I think you'll find these views are pretty normal and typical, and pretty accurate.
You are of course welcome to a different opinion, but I believe the elimination of ticket offices is a substantial positive for the industry, that will actually benefit almost all passengers in the long run, and the adoption of technology in the exceptionally small demographics that resist it should be gently encouraged and supported with that transition.
For closing the ticket office itself, sure. For cutting staffing hours substantially or all the way to zero, as is proposed at many secondary stations, absolutely not. Nothing to do with technology.
We clearly are looking at different documents.
I'm reading page five of the document linked to in post #1.
If you open the document I linked to initially (or zoom in on the screenshot) it clearly shows staffing presence in between the hours of 0500 and 2359 (actually I think it might even be 0145, but it's set out awkwardly).
I'd say that's wrong then because the consultation document is the one people will actually read.
AIUI the station has a gateline, which has to be manned at all times, or else the gates have to be left open. So unless they plan to abolish the gateline
There are stations which have gatelines that are not in use because they're not staffed, some have been removed.

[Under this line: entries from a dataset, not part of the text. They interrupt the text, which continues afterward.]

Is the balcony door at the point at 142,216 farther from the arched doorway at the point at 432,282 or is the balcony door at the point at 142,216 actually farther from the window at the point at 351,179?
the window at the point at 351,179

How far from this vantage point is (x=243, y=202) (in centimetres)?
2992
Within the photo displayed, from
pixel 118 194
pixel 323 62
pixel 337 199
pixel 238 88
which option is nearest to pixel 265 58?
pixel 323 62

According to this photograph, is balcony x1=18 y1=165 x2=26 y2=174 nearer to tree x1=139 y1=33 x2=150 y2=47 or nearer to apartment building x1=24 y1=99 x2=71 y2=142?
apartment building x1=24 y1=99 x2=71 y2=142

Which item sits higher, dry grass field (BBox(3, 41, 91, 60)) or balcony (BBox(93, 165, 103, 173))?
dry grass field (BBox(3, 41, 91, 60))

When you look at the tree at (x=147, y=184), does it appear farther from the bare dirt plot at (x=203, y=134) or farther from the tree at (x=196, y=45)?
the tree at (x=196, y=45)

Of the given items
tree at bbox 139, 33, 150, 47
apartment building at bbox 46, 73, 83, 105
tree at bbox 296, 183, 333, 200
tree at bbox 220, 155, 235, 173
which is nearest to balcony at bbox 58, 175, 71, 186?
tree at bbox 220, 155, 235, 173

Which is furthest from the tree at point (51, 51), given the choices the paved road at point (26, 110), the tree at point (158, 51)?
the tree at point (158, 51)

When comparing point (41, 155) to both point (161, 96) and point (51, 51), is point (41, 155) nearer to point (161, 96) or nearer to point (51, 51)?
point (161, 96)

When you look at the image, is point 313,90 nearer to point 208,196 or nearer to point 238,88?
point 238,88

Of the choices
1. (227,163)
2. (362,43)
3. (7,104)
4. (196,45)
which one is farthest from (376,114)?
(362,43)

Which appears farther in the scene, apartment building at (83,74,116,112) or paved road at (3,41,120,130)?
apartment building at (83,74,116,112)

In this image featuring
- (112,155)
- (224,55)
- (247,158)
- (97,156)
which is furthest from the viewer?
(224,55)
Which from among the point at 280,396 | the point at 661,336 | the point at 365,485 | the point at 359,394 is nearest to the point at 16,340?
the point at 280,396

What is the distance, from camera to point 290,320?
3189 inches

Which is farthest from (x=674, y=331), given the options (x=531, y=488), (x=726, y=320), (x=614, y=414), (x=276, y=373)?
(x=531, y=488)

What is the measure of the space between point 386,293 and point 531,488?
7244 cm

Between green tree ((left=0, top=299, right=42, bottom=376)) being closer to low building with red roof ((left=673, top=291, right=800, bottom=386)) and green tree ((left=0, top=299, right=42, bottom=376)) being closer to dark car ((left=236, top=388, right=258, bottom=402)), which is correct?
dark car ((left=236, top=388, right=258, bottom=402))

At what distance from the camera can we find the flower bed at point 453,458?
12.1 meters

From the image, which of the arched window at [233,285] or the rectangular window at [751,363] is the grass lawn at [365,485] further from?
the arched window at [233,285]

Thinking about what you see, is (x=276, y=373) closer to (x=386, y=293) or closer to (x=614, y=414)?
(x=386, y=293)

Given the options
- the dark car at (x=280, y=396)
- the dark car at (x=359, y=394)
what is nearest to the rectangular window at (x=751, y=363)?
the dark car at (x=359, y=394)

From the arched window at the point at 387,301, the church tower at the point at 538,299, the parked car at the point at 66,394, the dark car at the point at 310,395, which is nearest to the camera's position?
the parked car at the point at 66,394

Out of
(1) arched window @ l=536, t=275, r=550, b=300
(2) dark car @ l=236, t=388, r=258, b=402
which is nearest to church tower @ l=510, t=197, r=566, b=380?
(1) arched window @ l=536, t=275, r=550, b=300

I expect this and any other barriered station to retain a staffing presence, albeit maybe not a ticketing "expert".
Reading the consultation report it's not referring to expert time though, it's referring to staffed hours
and expert time as being unavailable. Why would you expect a station to be staffed just because it previously had a gateline? Much bigger changes than that are taking place.
Somewhat surprised to hear there are that many stories of incompetent ticket offices regarding sales.
I can't say I've ever had a problem at any ticket office I've used throughout the UK over the past 30 years producing a wrong or invalid ticket. Am I just lucky?
Depends what you've been asking for I guess.
Let's try an easy one that I know comes up frequently, and which I personally witnessed a customer asking a member of station staff recently.
Customer A holds an Off Peak Day Single which is restricted with ND (
https://www.nationalrail.co.uk/ticket-types/validity/nd/). The price is £15. They arrive at the station to travel on the 0958 service, but see that the 0928 is running 10 minutes late when they get to the platform. Is their ticket valid for travel on this train?
Customer B then turns up holding the same ticket but this time with a 16-25 railcard. The price is £9.90. They arrive at the station to travel on the 1028, but see that the 0958 is running 10 minutes late when they get to the platform. Is their ticket valid for travel on this train?
Sadly the customer whom I recently overheard asking the second question was given incorrect advice, to their cost.